SOURCE MATERIAL:
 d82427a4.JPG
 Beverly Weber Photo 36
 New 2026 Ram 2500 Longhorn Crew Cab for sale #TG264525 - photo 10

WHAT NEEDS TO BE DONE:
Transcribe the whole listing word for word.

EXERCISE SOLUTION:
 d82427a4.JPG
 Beverly Weber Photo 36
 New 2026 Ram 2500 Longhorn Crew Cab for sale #TG264525 - photo 10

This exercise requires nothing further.